Abstract
Introduction
Uterine leiomyomas are the most common neoplasm of the uterus in women. Massive lymphocytic infiltration in a myoma is an unusual finding. It is characterised by the varying intensity of lymphocyte infiltration, the presence of scattered plasma cells, eosinophilia, and rarely, other items. We would like to call attention to such a rare lesion.
Case description
We present the case of a 31-year-old woman who had undergone surgical excision of a uterine tumour. Grossly, it had the typical uterine smooth muscle wall consistency. The microscopic examination revealed leiomyoma with heavy infiltration composed mainly of lymphocytes. On immunohistochemistry, in the lymphocytic infiltrate the T mature (CD3+/CD5+/TdT–) lymphocytes, small and of cytotoxic (CD8+/CD56–) type, prevailed, with moderate proliferative activity (expression of Ki67 found in ca. 30-40% of the cells), whereas B lymphocytes (CD20+/CD5–/TdT–) were innumerous and present in nodular aggregates. Despite a strong suspicion of neoplastic lymphoproliferation, the histopathological diagnosis was: leiomyoma with massive lymphoid infiltration. The cause of this feature is not known, although the gonadotropin-releasing hormone agonist and post-menopausal processes may promote such transformations. In differential diagnosis, malignant lymphoma, inflammatory pseudotumour, and pyomyoma should be included.
Conclusions
Lymphocytic infiltration within the uterine myoma is rare. The recognition of its distinct histological features is important to avoid possible misdiagnosis.

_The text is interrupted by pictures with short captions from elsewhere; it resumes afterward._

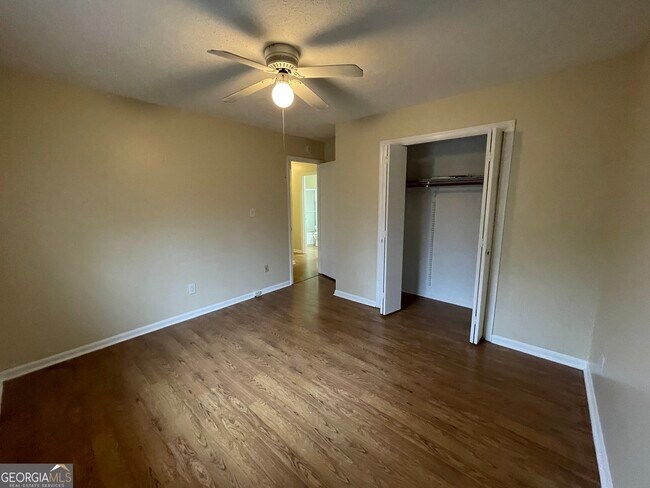 Building Photo - 2596 Woodland Dr NW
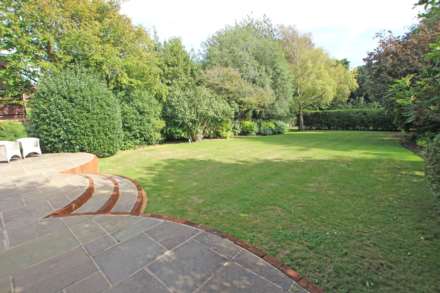 Old Camp Road, Eastbourne, BN20 8DH, Image 14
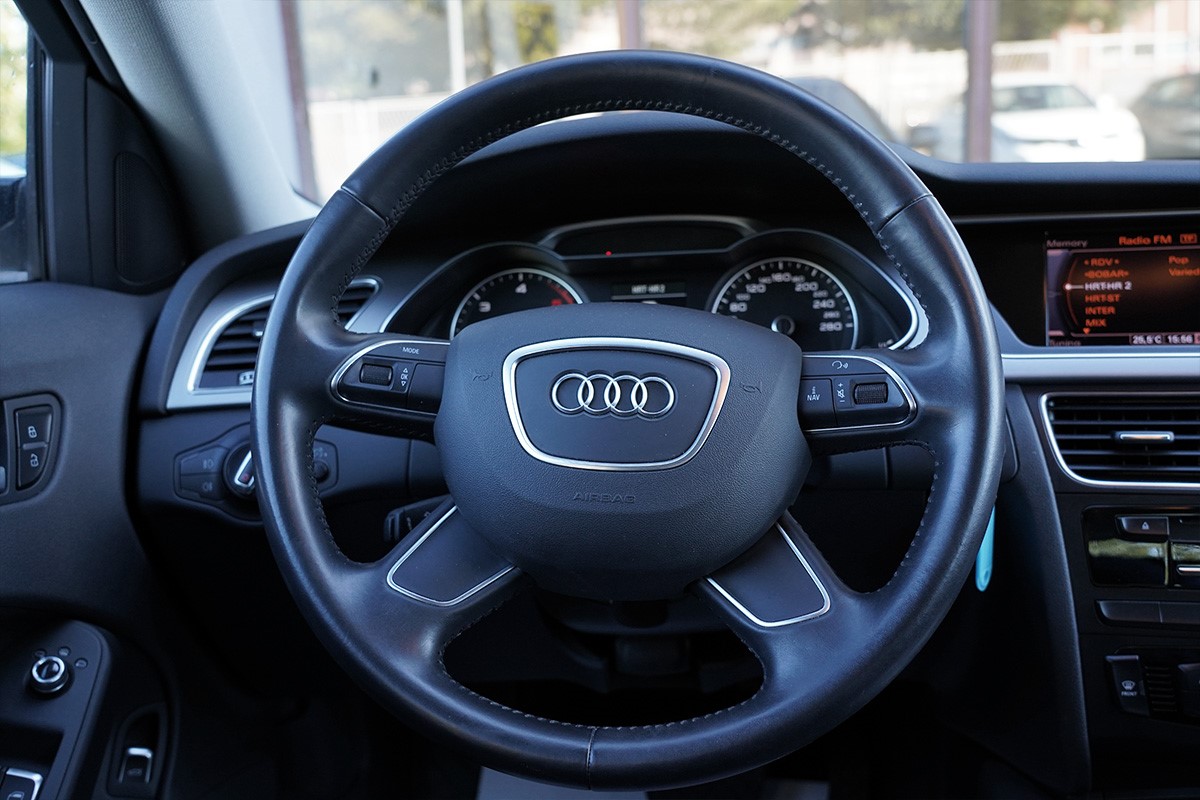 Audi A4
 2.0 TDI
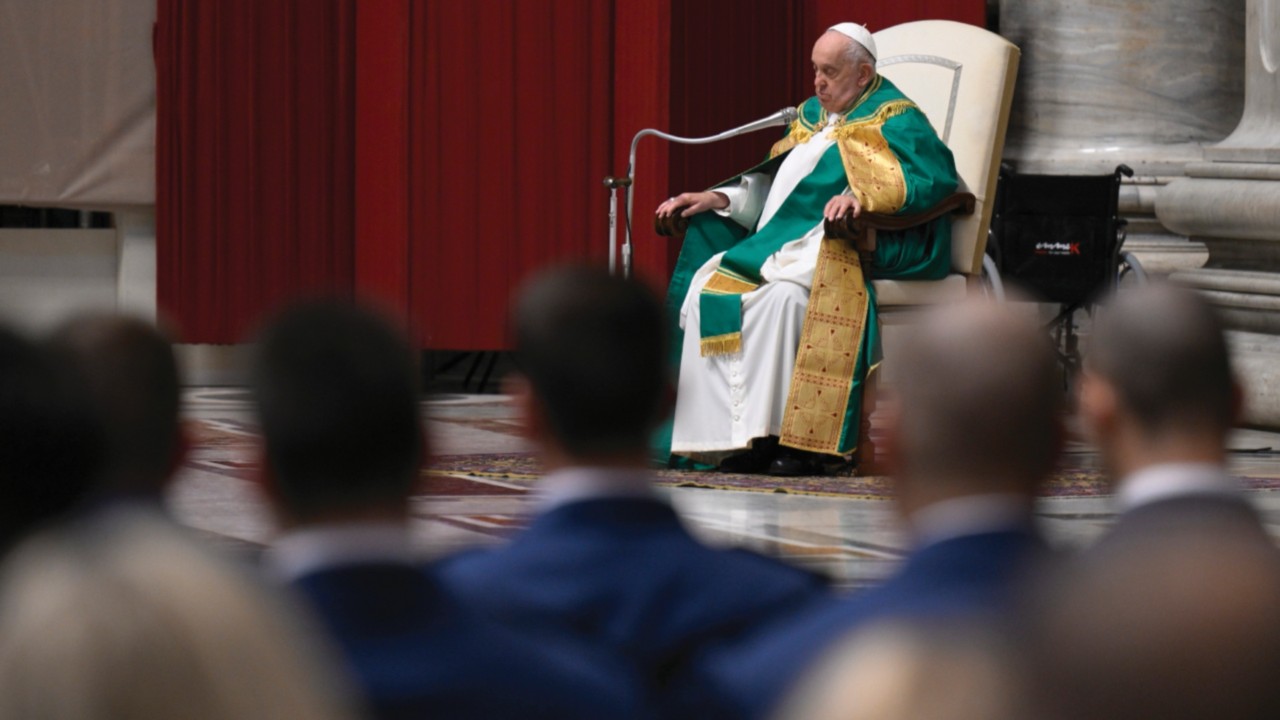 Papa Francesco al Corpo della Gendarmeria vaticana nella festa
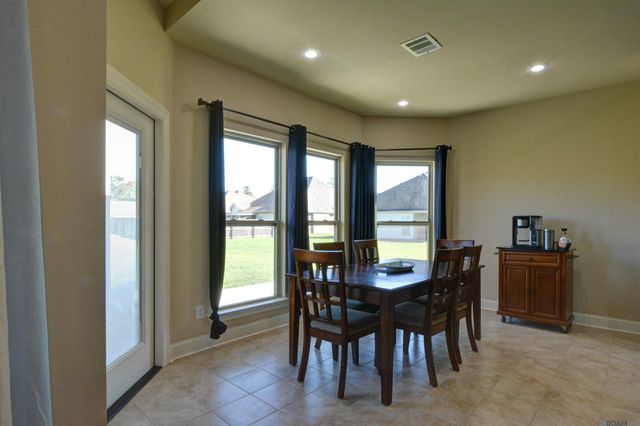 42124 Eagles Eye St, Prairieville, LA 70769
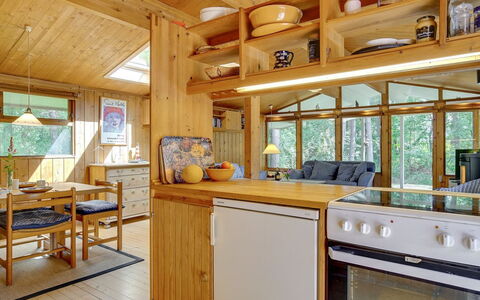 Myrra - 10M from the Sea: Legna, Color Legno, Cucina, Soffitto, Latifoglie, Vernice, Log Cabin, Compensato, Legname, Controsoffitto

Keywords: myoma, leiomyoma, lymphoma, neoplasms, gonadotropins, menopause
Introduction
Uterine leiomyomas (called popularly fibroids) are benign tumours, and they are an important factor lowering the quality of life. Uterine leiomyoma with massive lymphocyte infiltration is a rare and unusual pathological finding. Twenty such cases have been described in the available literature [1]. They are characterised by varying intensity of lymphocyte infiltration, the presence of scattered plasma cells, eosinophilia, and rarely, other items [2]. A case of this atypical lesion is reported in a 31-year-old woman who had undergone surgery for a uterine tumour. Macroscopically, it did not differ from typical fibroids. Microscopic examination revealed a leiomyoma diffusely infiltrated by lymphocytes, with a suspicion of neoplastic lymphoproliferation.
Case report
Written, informed consent was obtained from the patient for her data to be used for publication. A 31-year-old woman, nulliparous, was admitted to the Department of Gynaecology and Obstetrics in November 2016 for planned surgical treatment because of uterine myoma. The patient did not report any complaints, and her medical history was irrelevant. Despite excessive menstrual bleedings, the blood picture was in the limits of normal. The routine medical imaging revealed a heterogenous mass, within the anterior uterine wall, approximately 50 mm × 40 mm × 30 mm in size. No non-invasive methods or pharmacological treatment were applied. Due to the deep intramural location of the tumour, a laparotomy was performed. The uterine tumour was removed, and peripheral pelvic endometriosis (AFS stage I) was coagulated. Both early and distant postoperative courses were uneventful. The patient was discharged from the clinic in good condition on the fifth day after the procedure.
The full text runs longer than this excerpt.